WHAT YOU WILL DO » In the listing below, locate the lines bearing the word "Photo". Copy every one of them.

INPUT DATA »
· · ·
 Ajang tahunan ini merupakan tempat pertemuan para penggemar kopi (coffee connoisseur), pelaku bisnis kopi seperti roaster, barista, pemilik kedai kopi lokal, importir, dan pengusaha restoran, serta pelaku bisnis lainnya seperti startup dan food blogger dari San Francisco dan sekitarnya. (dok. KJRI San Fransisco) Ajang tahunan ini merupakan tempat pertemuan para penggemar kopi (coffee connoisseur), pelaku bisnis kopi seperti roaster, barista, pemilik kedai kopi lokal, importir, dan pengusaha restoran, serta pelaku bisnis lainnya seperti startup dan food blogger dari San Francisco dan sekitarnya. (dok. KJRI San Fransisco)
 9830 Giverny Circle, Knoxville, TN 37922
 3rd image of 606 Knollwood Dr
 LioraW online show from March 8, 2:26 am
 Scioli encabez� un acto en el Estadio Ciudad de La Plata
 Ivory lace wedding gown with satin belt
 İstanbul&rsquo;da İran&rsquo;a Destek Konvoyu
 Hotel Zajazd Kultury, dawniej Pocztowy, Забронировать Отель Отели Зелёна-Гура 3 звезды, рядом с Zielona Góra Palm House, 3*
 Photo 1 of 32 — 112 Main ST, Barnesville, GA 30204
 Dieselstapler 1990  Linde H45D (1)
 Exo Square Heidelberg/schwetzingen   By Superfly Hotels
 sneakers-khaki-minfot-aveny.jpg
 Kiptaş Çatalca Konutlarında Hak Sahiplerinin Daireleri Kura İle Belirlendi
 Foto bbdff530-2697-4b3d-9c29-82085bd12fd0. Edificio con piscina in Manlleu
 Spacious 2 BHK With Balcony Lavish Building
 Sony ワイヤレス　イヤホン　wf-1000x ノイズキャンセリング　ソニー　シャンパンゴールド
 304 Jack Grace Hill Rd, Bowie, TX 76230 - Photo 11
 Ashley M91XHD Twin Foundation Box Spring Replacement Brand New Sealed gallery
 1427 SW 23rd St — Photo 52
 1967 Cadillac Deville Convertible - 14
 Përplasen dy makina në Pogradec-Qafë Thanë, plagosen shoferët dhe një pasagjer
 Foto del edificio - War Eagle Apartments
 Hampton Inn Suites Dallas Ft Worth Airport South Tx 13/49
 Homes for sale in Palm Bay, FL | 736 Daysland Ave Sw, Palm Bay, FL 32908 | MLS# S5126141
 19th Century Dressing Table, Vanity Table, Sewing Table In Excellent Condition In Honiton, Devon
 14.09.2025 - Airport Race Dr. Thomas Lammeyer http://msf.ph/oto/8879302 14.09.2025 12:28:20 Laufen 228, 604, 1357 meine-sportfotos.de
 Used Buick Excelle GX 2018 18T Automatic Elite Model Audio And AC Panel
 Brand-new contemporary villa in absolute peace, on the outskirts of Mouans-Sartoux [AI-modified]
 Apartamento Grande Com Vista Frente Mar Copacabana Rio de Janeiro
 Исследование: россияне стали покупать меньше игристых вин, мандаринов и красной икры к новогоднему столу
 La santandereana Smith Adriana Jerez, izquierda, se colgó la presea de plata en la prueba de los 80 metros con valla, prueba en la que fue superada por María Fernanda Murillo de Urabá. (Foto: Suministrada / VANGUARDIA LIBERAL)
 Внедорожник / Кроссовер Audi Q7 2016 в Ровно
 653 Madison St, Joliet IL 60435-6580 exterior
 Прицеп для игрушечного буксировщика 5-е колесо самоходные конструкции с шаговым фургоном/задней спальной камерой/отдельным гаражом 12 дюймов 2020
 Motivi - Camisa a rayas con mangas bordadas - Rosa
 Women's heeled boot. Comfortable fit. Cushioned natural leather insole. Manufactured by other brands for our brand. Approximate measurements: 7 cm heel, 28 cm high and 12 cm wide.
· · ·
TASK RESPONSE »
 Photo 1 of 32 — 112 Main ST, Barnesville, GA 30204
 304 Jack Grace Hill Rd, Bowie, TX 76230 - Photo 11
 1427 SW 23rd St — Photo 52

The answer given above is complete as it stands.